Using this new model, we explored the relationship between voltage, growth, and potassium, showing that the voltage and the growth follow a similar pattern to each other while the voltage differential and the extracellular potassium are closer to inversely related. We also examined the diffusive properties of the system including how the biofilm’s size relates to the initiation and the period of its oscillations.

We then adapted this model into a two-dimensional system using the level-set method to track the boundary. The ability to simulate a two-dimensional biofilm allows us to copy a biofilm’s shape from an experiment and closely compare the model to the physical system. We examined the voltage, the potassium, and the ThT fluorescence within the model. We are also able to examine the interactions between multiple biofilms within a flow cell and observe how separated biofilms synchronize by releasing potassium into the flow. The model demonstrates synchronization patterns similar to those in experiments.

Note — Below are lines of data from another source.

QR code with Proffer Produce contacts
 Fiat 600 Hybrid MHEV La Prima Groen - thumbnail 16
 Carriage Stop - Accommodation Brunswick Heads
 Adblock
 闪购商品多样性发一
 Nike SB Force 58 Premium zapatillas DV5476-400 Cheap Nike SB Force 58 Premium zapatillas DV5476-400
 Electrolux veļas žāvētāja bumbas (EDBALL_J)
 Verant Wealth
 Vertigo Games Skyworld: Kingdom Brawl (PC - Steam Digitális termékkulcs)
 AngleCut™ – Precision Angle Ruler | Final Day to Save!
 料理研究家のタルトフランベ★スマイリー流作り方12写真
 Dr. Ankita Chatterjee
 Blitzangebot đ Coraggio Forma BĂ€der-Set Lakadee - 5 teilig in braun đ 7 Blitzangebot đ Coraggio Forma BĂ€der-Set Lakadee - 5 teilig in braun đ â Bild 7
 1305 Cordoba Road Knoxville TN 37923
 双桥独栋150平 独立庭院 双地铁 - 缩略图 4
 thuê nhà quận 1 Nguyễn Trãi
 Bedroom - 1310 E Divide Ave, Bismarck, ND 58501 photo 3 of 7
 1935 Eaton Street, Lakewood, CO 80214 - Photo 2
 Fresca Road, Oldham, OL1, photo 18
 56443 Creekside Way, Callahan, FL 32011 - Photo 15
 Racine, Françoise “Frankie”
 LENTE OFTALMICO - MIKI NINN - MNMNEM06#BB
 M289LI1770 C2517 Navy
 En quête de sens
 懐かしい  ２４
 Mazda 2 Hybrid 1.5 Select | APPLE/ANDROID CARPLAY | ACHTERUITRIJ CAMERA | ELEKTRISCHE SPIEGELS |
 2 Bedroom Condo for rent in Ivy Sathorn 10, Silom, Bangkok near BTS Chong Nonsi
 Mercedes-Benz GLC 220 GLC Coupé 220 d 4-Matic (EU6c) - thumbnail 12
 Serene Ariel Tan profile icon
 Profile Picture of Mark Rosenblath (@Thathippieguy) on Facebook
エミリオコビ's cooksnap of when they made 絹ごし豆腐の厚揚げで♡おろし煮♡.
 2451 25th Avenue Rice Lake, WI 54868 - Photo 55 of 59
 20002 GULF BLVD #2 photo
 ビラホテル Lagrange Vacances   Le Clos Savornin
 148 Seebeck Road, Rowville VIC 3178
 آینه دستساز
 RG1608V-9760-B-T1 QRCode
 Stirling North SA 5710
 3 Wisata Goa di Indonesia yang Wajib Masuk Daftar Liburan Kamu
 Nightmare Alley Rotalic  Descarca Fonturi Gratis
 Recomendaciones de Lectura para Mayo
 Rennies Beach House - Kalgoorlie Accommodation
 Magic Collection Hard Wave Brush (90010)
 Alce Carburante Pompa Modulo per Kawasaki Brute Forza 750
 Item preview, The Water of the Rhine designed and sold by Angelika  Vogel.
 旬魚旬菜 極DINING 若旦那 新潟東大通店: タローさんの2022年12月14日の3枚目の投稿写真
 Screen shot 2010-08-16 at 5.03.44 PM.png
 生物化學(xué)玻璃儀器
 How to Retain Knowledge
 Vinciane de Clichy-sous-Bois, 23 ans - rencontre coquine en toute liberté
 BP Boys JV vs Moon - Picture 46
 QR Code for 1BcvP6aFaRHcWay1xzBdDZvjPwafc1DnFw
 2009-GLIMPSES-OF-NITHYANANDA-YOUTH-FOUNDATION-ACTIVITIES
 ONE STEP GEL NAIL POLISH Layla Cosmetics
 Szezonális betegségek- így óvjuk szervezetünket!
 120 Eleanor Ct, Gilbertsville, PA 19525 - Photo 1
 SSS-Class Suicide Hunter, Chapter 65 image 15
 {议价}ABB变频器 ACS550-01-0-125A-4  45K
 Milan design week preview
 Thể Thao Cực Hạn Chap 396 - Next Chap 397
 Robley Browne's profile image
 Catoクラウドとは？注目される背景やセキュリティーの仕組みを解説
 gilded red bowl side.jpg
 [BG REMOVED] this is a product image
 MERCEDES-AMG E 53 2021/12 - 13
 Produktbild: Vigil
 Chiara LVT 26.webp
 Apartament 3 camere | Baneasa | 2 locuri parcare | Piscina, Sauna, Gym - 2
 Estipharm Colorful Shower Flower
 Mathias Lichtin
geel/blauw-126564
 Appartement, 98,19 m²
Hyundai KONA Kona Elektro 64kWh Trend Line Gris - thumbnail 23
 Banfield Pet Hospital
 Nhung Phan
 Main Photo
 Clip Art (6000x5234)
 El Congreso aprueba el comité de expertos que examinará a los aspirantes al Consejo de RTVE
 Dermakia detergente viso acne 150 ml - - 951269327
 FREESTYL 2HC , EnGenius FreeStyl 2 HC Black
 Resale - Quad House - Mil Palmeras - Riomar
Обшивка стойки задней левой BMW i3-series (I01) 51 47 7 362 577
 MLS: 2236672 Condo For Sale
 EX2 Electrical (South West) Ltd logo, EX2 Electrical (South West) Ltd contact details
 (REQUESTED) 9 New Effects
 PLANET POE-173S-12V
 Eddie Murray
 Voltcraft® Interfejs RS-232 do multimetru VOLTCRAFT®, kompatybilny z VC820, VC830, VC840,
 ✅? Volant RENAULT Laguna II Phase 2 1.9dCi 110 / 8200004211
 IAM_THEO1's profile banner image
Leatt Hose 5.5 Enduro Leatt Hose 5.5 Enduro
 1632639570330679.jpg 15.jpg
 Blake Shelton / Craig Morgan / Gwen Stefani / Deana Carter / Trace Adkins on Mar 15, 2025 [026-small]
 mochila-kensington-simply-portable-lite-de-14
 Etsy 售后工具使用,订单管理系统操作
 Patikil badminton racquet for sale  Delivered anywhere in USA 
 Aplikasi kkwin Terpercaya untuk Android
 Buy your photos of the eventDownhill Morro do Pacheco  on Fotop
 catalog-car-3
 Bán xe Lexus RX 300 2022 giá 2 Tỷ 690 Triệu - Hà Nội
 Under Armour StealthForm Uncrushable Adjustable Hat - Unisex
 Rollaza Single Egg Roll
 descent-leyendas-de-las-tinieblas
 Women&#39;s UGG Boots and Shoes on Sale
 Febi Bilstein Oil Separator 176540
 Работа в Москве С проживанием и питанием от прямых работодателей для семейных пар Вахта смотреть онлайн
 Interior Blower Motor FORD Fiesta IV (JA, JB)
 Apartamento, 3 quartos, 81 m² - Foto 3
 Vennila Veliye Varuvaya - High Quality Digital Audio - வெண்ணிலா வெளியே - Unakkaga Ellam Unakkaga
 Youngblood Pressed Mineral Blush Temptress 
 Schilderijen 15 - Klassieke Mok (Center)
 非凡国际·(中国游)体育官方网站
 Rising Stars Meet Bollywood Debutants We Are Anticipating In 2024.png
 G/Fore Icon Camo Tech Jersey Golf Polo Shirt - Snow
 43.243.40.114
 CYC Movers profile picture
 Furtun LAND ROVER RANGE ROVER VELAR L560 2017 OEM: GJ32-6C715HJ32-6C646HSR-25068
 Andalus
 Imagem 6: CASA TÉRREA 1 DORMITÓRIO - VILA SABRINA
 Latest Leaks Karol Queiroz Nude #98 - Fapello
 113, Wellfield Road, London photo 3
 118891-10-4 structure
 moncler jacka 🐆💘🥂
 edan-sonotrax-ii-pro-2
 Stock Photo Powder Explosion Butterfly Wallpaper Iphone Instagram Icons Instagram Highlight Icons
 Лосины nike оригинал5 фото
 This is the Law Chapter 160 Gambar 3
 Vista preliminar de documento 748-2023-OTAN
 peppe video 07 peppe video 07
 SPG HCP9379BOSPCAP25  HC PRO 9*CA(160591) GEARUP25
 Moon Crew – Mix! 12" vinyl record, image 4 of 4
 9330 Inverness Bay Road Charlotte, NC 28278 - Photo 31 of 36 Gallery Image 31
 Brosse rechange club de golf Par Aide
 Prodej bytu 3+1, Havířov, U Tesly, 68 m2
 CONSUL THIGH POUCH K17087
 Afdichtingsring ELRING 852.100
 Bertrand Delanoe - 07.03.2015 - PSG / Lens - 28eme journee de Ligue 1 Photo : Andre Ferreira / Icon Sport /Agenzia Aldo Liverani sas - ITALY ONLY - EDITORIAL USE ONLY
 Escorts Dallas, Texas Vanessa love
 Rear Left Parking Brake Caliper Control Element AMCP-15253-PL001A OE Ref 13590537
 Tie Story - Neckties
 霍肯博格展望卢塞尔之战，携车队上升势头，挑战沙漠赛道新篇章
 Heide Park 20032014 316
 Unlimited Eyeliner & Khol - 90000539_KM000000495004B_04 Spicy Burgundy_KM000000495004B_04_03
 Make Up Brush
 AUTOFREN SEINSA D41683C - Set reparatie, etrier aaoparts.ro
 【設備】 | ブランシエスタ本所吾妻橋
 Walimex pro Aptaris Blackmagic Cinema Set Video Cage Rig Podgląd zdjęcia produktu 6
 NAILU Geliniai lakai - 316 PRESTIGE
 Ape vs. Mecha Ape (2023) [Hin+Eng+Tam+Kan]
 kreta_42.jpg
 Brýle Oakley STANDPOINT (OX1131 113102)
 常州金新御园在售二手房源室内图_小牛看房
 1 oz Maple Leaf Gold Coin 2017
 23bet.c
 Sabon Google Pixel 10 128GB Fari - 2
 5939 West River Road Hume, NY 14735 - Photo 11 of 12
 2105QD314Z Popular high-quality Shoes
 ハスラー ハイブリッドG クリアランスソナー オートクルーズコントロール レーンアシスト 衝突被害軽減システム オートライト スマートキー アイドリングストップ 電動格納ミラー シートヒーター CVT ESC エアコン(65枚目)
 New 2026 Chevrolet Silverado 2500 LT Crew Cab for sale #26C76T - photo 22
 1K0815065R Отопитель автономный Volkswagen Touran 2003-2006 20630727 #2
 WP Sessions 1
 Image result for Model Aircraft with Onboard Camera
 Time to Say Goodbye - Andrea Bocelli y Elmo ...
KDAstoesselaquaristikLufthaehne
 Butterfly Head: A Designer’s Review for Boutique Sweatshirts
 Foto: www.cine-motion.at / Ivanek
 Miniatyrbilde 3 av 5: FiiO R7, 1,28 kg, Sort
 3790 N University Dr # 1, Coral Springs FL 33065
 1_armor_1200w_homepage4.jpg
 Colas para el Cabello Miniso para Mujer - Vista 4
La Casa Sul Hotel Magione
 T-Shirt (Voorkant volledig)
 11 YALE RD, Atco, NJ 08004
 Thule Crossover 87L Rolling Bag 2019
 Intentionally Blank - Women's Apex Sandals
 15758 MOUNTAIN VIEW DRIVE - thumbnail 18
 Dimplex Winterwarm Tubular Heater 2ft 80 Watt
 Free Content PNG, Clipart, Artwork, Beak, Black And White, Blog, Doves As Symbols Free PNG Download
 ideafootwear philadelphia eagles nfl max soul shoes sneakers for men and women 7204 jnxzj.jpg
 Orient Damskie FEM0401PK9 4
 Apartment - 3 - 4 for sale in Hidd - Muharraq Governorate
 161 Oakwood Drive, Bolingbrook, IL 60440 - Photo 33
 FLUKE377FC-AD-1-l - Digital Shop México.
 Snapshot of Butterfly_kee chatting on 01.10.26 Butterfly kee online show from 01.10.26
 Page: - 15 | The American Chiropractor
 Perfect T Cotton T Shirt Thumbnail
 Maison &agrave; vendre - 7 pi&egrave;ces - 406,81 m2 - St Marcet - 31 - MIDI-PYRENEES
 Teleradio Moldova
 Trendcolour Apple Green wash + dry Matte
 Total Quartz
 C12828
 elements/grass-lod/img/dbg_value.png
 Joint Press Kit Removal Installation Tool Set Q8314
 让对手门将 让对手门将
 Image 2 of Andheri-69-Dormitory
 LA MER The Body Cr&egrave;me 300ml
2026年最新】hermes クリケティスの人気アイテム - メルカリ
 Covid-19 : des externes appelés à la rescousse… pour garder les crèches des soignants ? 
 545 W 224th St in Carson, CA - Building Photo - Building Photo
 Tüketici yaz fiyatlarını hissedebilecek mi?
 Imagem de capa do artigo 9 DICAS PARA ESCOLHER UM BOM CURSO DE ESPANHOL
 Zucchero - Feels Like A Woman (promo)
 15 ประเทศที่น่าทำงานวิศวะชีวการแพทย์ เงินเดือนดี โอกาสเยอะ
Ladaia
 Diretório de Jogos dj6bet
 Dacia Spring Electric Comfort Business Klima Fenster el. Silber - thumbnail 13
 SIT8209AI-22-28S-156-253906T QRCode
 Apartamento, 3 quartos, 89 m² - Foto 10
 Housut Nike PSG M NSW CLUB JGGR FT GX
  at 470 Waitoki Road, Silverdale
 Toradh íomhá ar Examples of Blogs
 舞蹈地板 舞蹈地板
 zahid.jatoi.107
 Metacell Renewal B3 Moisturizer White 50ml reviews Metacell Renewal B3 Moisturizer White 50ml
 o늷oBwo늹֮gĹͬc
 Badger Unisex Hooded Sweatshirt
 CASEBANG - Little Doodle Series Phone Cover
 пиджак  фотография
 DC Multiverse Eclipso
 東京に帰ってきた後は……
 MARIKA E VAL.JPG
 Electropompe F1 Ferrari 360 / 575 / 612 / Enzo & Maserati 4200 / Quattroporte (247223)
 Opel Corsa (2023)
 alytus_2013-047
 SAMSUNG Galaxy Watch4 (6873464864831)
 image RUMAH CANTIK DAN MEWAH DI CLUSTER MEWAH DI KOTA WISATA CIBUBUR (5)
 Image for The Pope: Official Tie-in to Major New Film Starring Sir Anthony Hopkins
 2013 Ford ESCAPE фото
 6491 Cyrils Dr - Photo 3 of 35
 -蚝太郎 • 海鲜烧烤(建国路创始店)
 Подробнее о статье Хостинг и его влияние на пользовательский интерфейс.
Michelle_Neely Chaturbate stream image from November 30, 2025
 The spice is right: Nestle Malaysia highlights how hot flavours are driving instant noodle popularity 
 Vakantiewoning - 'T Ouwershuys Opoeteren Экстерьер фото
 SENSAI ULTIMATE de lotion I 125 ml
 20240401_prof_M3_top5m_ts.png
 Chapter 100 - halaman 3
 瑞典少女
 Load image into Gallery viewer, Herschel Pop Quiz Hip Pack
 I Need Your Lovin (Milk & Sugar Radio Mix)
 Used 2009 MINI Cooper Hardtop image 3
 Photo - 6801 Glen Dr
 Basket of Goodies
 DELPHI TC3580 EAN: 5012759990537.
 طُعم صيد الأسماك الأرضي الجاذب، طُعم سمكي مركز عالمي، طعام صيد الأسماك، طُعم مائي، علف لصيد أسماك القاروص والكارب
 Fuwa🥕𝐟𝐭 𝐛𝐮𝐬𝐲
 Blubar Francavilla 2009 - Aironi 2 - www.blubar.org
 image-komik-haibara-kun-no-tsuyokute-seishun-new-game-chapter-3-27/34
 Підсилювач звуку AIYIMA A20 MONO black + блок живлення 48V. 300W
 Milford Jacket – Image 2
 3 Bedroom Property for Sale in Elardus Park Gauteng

This model can enable researchers to computationally explore this biofilm system in connection with their experiments. This model can be used to test hypotheses about the biofilms such as those relating to the growth speed, the effect of potassium on cells, and how collective oscillations can arise, or fail to arise, based on the individual behavior of the cells. The greatest benefit of this model is that we can compare the model’s results by directly copying the shapes of experimental biofilms, which allows researchers to study the two-dimensional properties of the system. For example, researchers can study the wave speed of the potassium signal through spatially segregated cells of differing phenotypes. We can also explore properties such as the emergence of oscillations within a single biofilm and the synchronization between separated biofilms within a single flow cell. Understanding the spatial properties of the system can help scientists find methods to control the biofilm’s growth and dispersal in more realistic environments, potentially leading to new ways to treat biofilm growth and any associated infections.

In future research, we would like to further explore cellular metabolism and the synchronization of oscillations initializing from different regions within a biofilm. First, we would like to understand how a rise in external potassium disrupts cellular metabolism. We believe that this study could provide a better understanding of the cellular mechanisms that create biofilm-wide oscillations. In particular, studying metabolism could give us further insight into the depolarization and recovery process of a cell and how it regulates growth using a mechanism such as the Grow Mode presented here. We would then like to explore how metabolism and changes in growth rates either lead to synchronicity within the biofilm or allow for regional divergence in oscillations within large biofilms.

This oscillatory behavior of Bacillus subtilis involves many complex processes, and we are just beginning to put the pieces together. Understanding the components of the oscillations could inspire new methods to influence and even control certain biofilms’ behavior, such as the attachment and growth, using potassium signaling. These new control methods would not rely on harsh treatments such as antibiotics but on adjusting the biofilm’s environmental conditions to influence its oscillatory behavior.